Association des Jeunes por la Sensibilisation et la Solidarite
- Abbreviation: AJSS
- Formation: September 23, 2005; 20 years ago
- Type: NGO
- Legal status: Association
- Purpose: Educational
- Headquarters: Dakar, Senegal
- Coordinates: 14°41′34″N 17°26′48″W﻿ / ﻿14.69278°N 17.44667°W
- Region served: West Africa
- Members: approximately 400
- Official language: Wollof, French, English a
- Staff: 4
- Volunteers: 400
- Website: ajss.onlc.fr/0-PRESENTATION-DE-LAJSS.html

= Association des Jeunes pour la Sensibilisation et la Solidarité =

The Association des Jeunes pour la Sensibilisation et la Solidarité (AJSS) is a Senegalese organization whose stated aims are to help young Senegalese away from poverty, criminality and emigration. The AJSS was officially established 23 September 2005 after a meeting held by young people from Sicap-Liberté The AJSS has approximately 400 members.

==Board of directors==
The Board of Directors consists of The President of AJSS, The secretary general, The treasurer and The program coordinator.

===President===
The current president of AJSS is Mohamadou Keba Danso.

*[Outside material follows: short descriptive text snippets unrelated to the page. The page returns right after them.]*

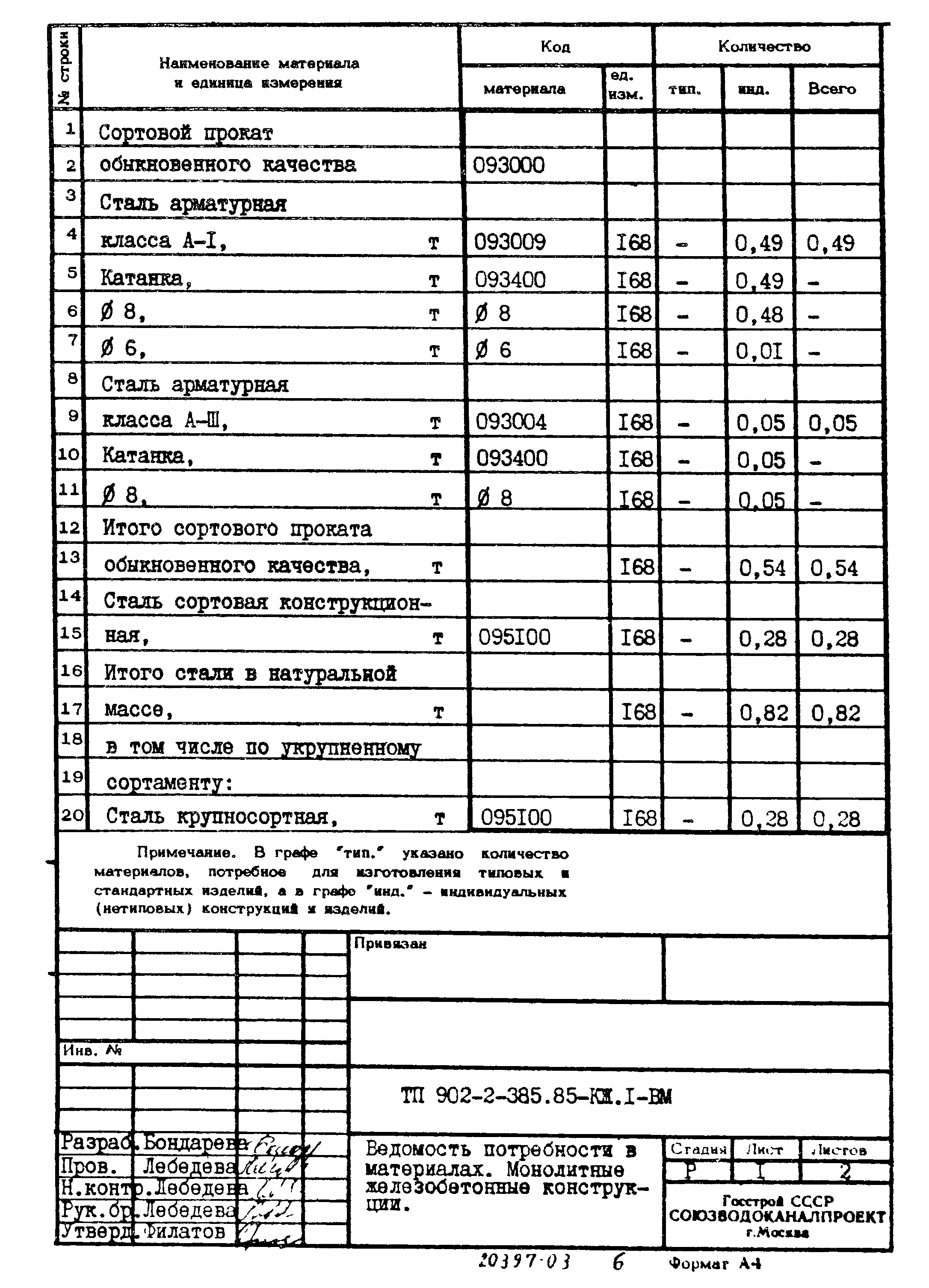 Типовой проект 902-2-385.85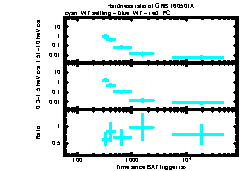 XRT Light curve of GRB 160501A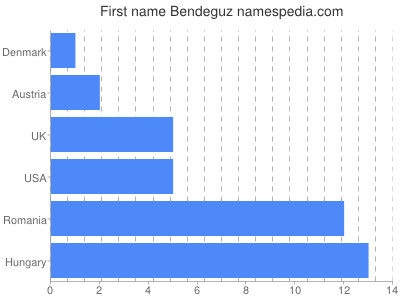 Vornamen Bendeguz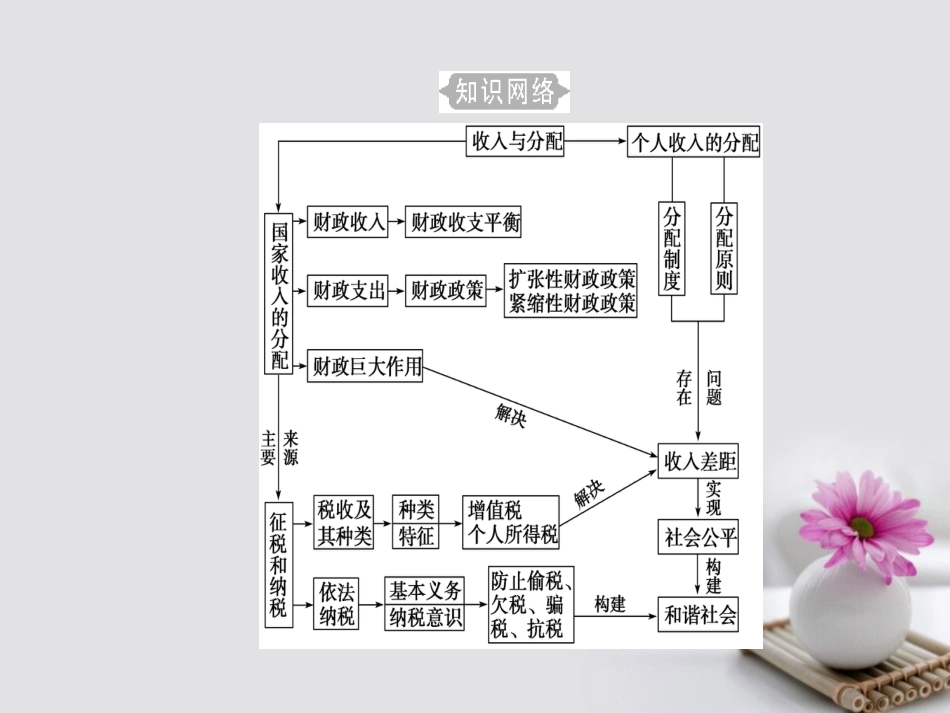 高考政治一轮复习 经济生活 专题三 收入与分配 考点1 分配制度课件_第3页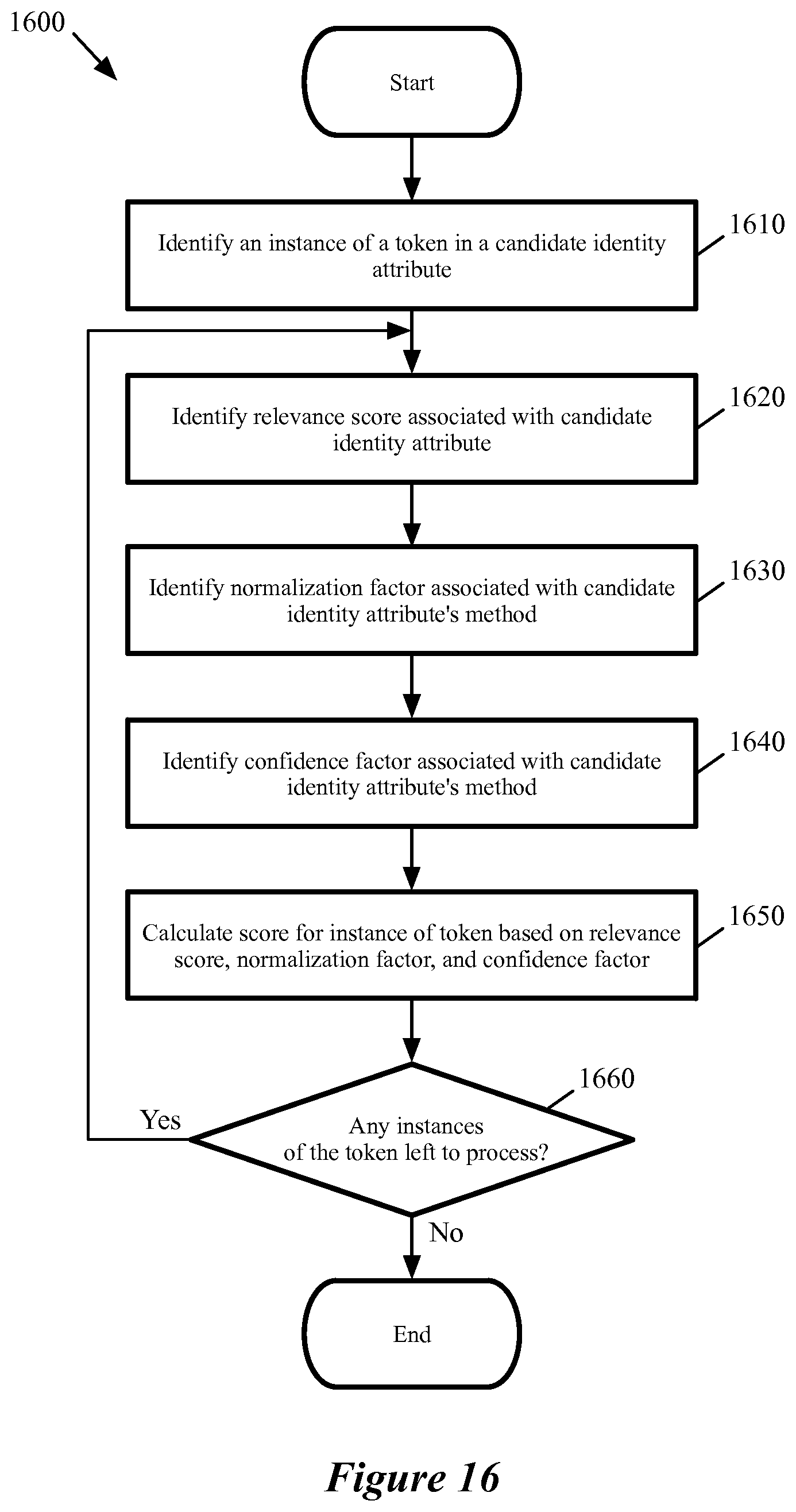 Patent US12147421 Figure 16 – Method and system for identifying entities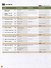 Face2face (2nd Edition). Advanced. Students Book - 1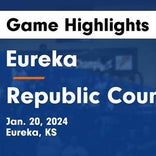 Eureka extends home losing streak to five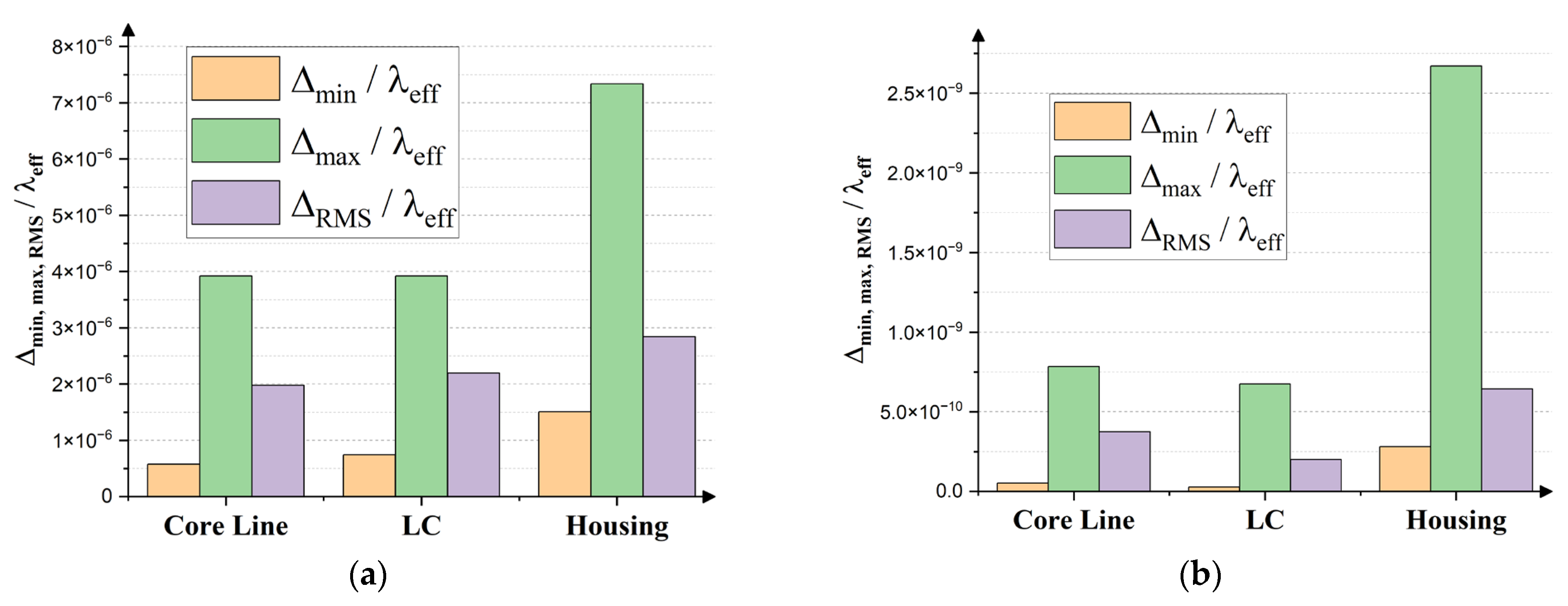Electronics 13 04792 g008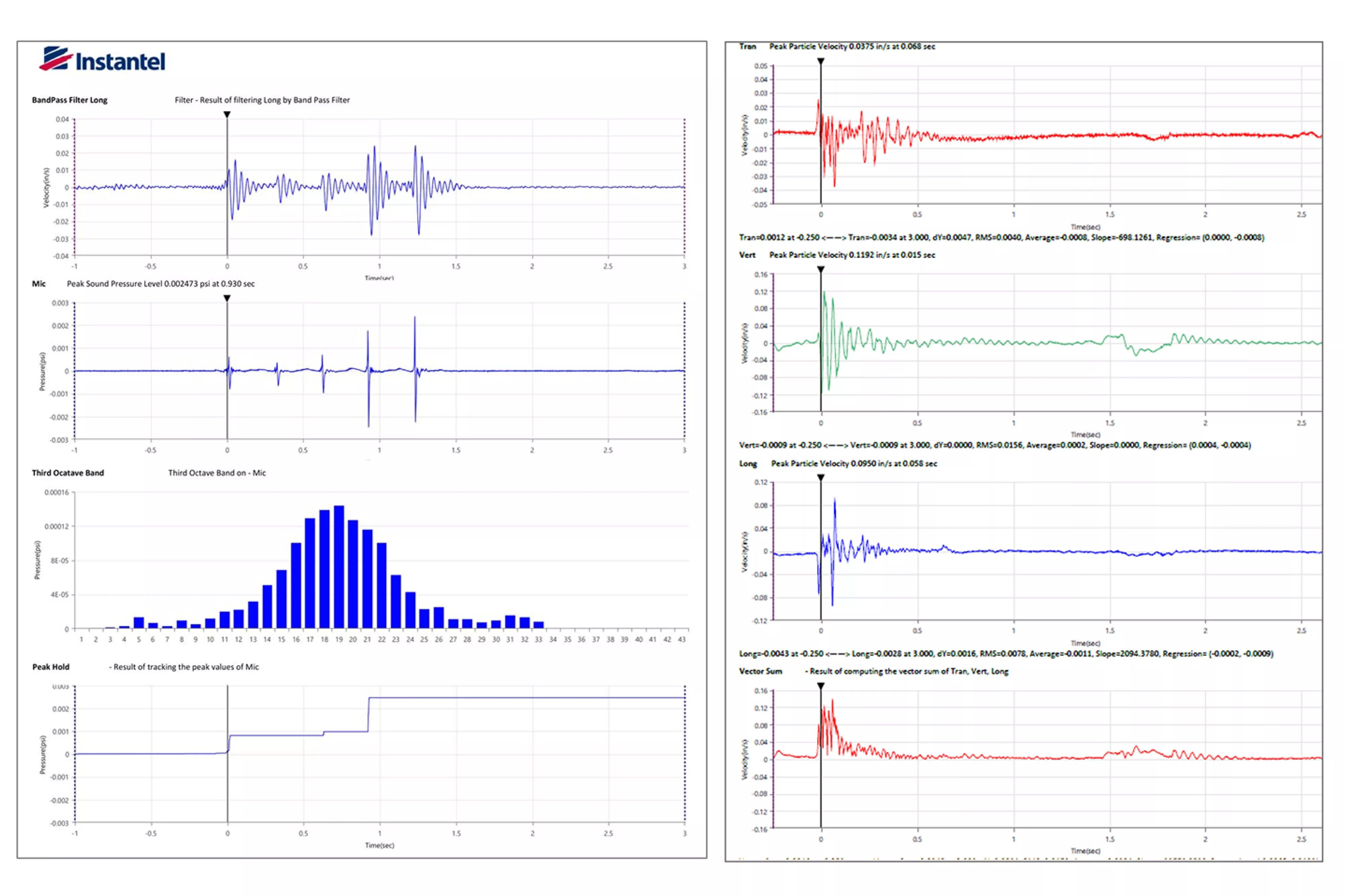 Advanced and Transfer Functions of THOR software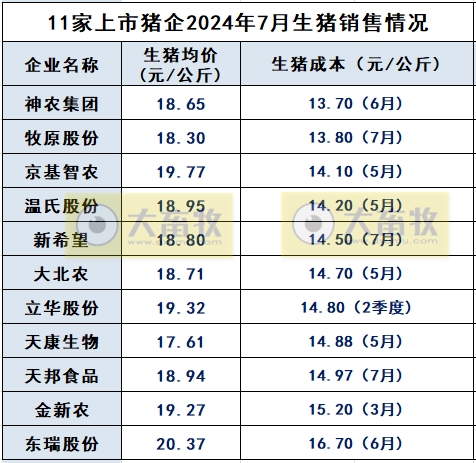 18家上市猪企2024年7月生猪销售业绩和生产指标PK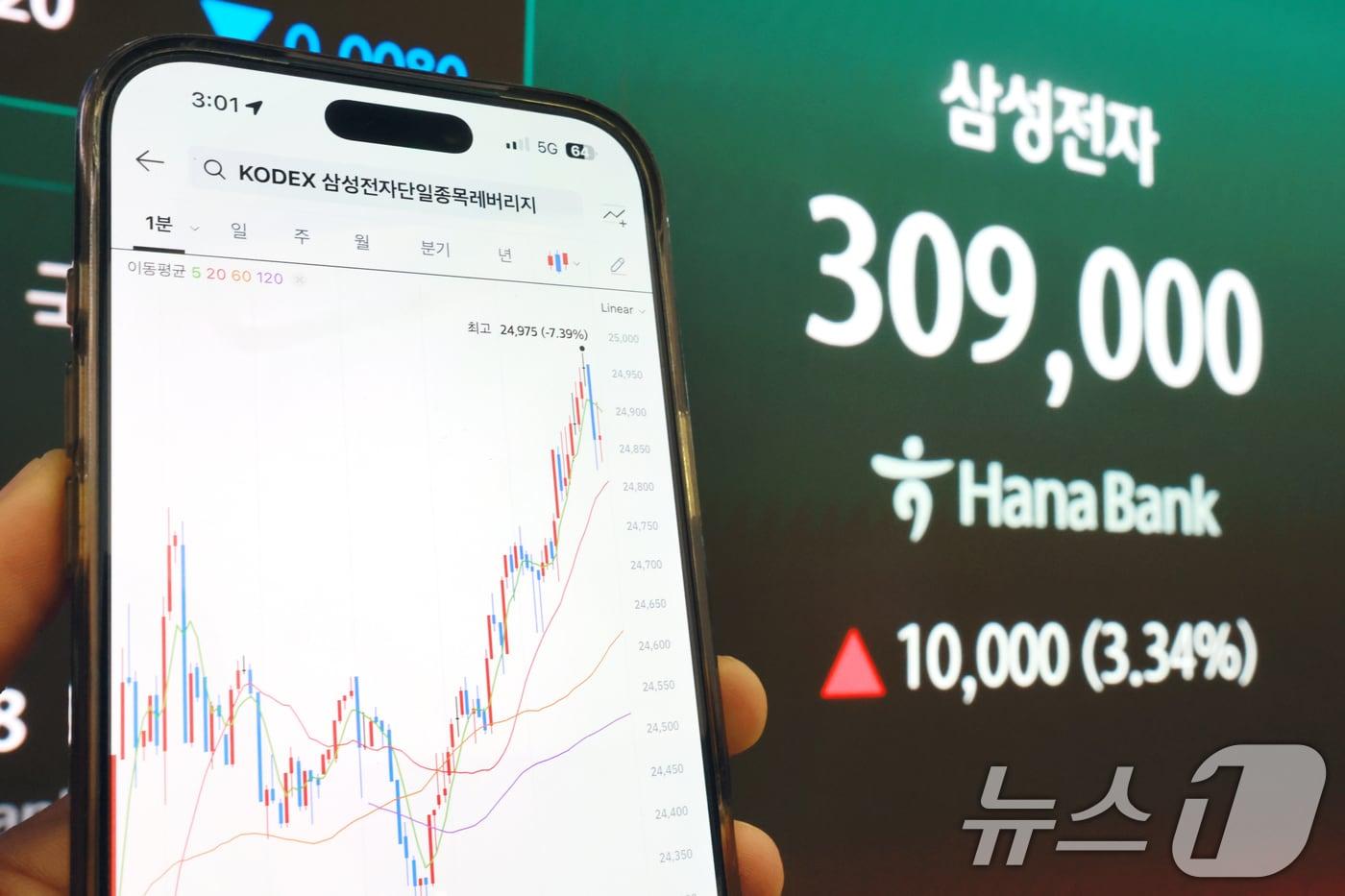 본문 이미지 - 삼성전자와 SK하이닉스가 레버리지 상장지수펀드(ETF)에 출시된 27일 서울 중구 하나은행 딜링룸 현황판에 삼성전자 주가가 표시되고 있다. 2026.5.27 ⓒ 뉴스1 이호윤 기자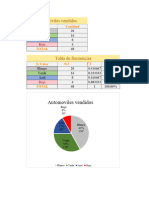 Foro1 Estadística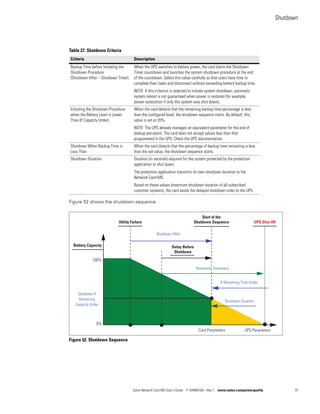 Shutdown
Eaton Network Card-MS User’s Guide P-164000100—Rev 1 www.eaton.com/powerquality 75
Figure 52 shows the shutdown sequence.
Figure 52. Shutdown Sequence
Table 27. Shutdown Criteria
Criteria Description
Backup Time before Initiating the
Shutdown Procedure
(Shutdown After – Shutdown Timer)
When the UPS switches to battery power, the card starts the Shutdown
Timer countdown and launches the system shutdown procedure at the end
of the countdown. Select this value carefully so that users have time to
complete their tasks and disconnect without exceeding battery backup time.
NOTE If this criterion is selected to initiate system shutdown, automatic
system reboot is not guaranteed when power is restored (for example,
power restoration if only this system was shut down).
Initiating the Shutdown Procedure
when the Battery Level is Lower
Than (If Capacity Under)
When the card detects that the remaining backup time percentage is less
than the configured level, the shutdown sequence starts. By default, this
value is set at 20%.
NOTE The UPS already manages an equivalent parameter for the end of
backup pre-alarm. The card does not accept values less than that
programmed in the UPS. Check the UPS documentation.
Shutdown When Backup Time is
Less Than
When the card detects that the percentage of backup time remaining is less
than the set value, the shutdown sequence starts.
Shutdown Duration Duration (in seconds) required for the system protected by the protection
application to shut down.
The protection application transmits its own shutdown duration to the
Network Card-MS.
Based on these values (maximum shutdown duration of all subscribed
customer systems), the card sends the delayed shutdown order to the UPS.
Battery Capacity
Utility Failure
Shutdown After
Start of the
Shutdown Sequence
Delay Before
Shutdown
UPS Shut Off
100%
If Remaining Time Under
0%
Card Parameters UPS Parameters
Remaining Autonomy
Shutdown Duration
Shutdown If
Remaining
Capacity Under
 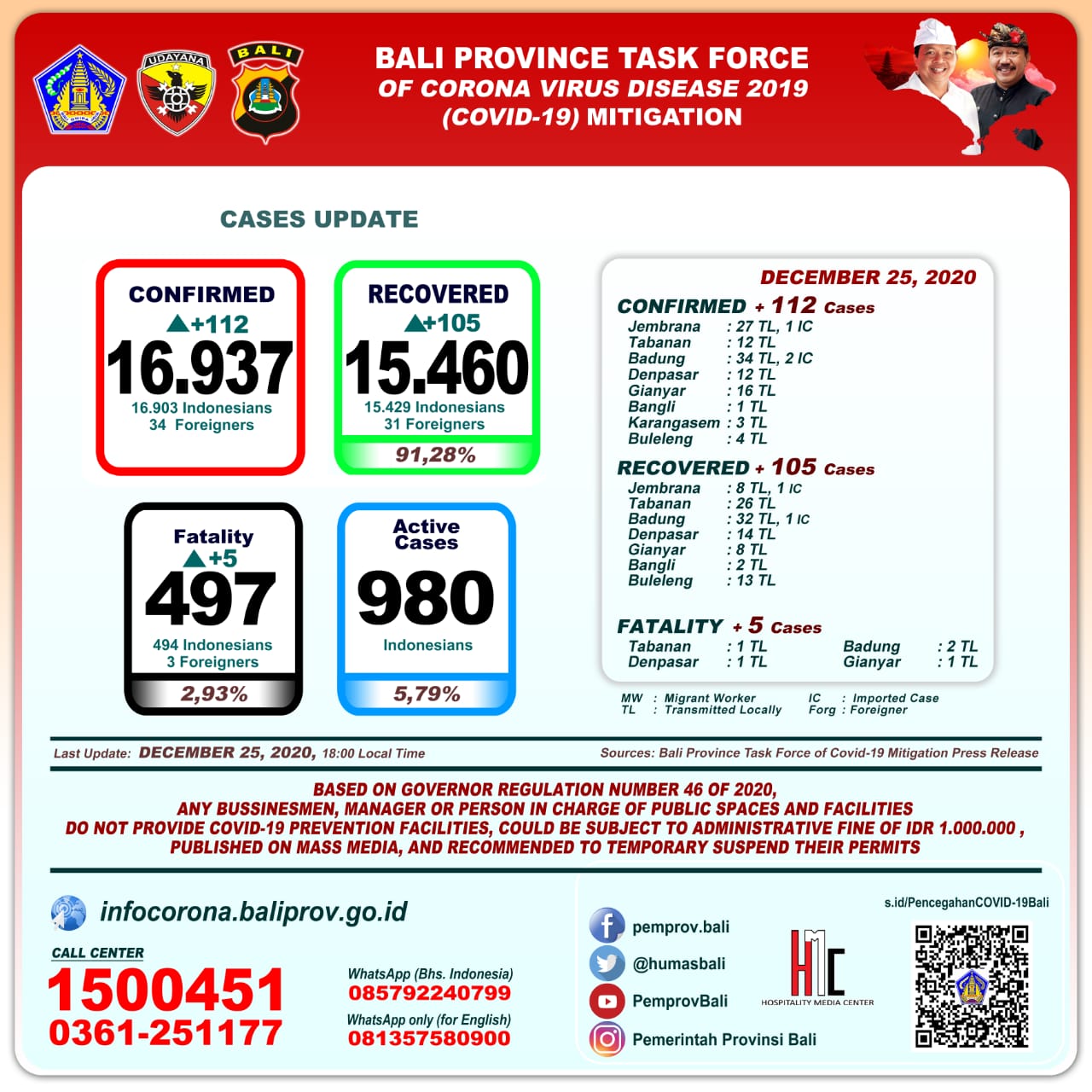 covid-19-cases-update-in-bali-province-friday-desember-25th-2020
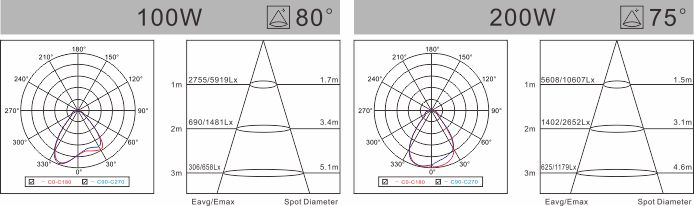 spectral-den-led-treo-tran-b-series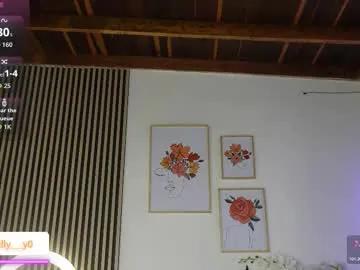 lilly_dollss — Goal: FUCK ASS + DOGGY STYLE [177 tokens left] #skinny #fuckmachine #puffynipples #anal #flexible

Mr Danso was born in 1984 and has an educational background from Media Centre de Dakar.

===Secretary general===
The current secretary general of AJSS is Fama Constance Diop. Ms Diop was born in 1987 and has an educational background from both IAM - School of Management and CESAG.

===Treasurer===
The current treasurer of AJSS is Bakary Diatta. Mr Diatta was born in 1985 and has an educational background from UCAD.

===Program coordinator===
The current program coordinator of AJSS is Assane Diop. Mr Diop was born in Dakar and has an educational background from University of Cheikh Anta Diop. Also he is researcher and sociologue at the same time.

== Media==
The AJSS appeared on a segment in the Swedish radioshow radio UPF where Mr Danso talks about the main aims of the organization AJSS.